Risk Adjusting for Social Determinants of Health at Children's Hospitals

Risk adjustment for social determinants of health could reduce penalties to children’s hospitals for patient factors that are beyond their control, according to the results of a new study published in JAMA Pediatrics.

Risk adjustment for social determinants of health could reduce penalties to children’s hospitals for patient factors that are beyond their control, according to the results of a new study published in JAMA Pediatrics.

Using readmission rates as the basis of pay-for-performance (P4P) penalties has generated controversy, especially with respect to the extent that readmissions reflect hospital quality.
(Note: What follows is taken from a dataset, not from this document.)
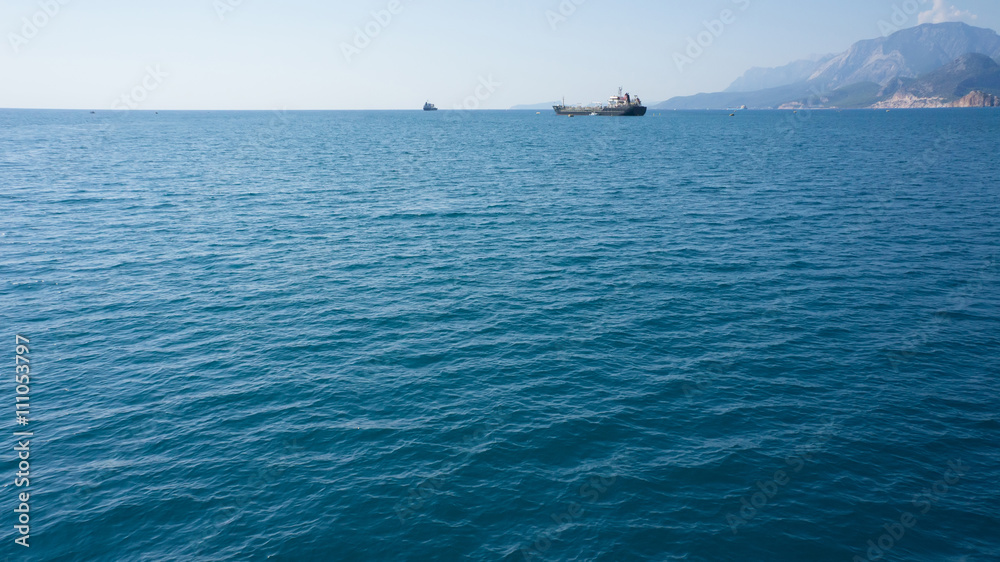 Blue sea with ships on horizon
The CMS Hospital Readmission Reduction Program reduces payments to hospitals with excess 30-day Medicare readmissions, and now some state Medicaid programs will use readmission penalties for hospitals with excess pediatric readmissions based on rates of Potentially Preventable Readmissions (PPR), which are also calculated using risk-adjustment factors.

The goal of using risk adjustment is to help distinguish quality of patient care from the effects of patient characteristics that are not under the control of the clinician. However, the risk-adjustment factors permitted by CMS for its hospital readmission penalty program include sex, age, comorbidities, and medical frailty, but not social determinants of health (SDH), such as race, ethnicity, education, income, and payer. Since SDH are shown to be risk factors for readmissions-related penalties for children’s hospitals, risk adjustment for SDH may reduce penalizing hospitals for patient factors beyond their control.
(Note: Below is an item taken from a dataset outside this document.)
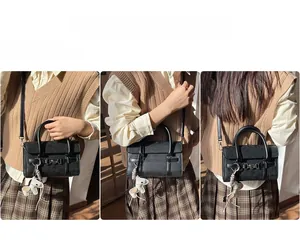 Vues détaillées d'un sac baguette noir avec anneau argenté et breloque petit cheval blanc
Marion R. Stills, MD, MPH, of the University of Colorado School of Medicine, and colleagues investigated the effects of SDH risk adjustment on P4P measurements in children’s hospitals by comparing baseline and SDH risk-adjusted PPR rates to see whether adjusting for SDH could affect the P4P penalty status of a national sample of children’s hospitals. Their retrospective cohort study of 179,400 discharges from 43 hospitals showed that risk adjusting the readmissions measure for SDH changed the penalty status of 7.0% and 11.6% of hospitals using 15-day and 30-day readmission windows.

The authors compared a baseline model adjusted for severity of illness and an SDH-enhanced model that adjusted for severity of illness and four SDH variables: race, ethnicity, payer, and median household income for the patient’s home zip code. For the 179,400 discharges meeting inclusion criteria, median hospital-level percentages for the SDH variables were 39.2% nonwhite, 17.9% Hispanic, and 58.7% publicly insured. The hospital median household income for the patient’s home zip code was $40,674.

The investigators concluded that risk adjustment for SDH changed hospitals’ penalty status on a readmission-based P4P measure.

“Without adjusting P4P measures for SDH, hospitals that care for more vulnerable patients may receive penalties in part related to patient factors beyond the control of the hospital and unrelated to the quality of hospital care,” the authors concluded.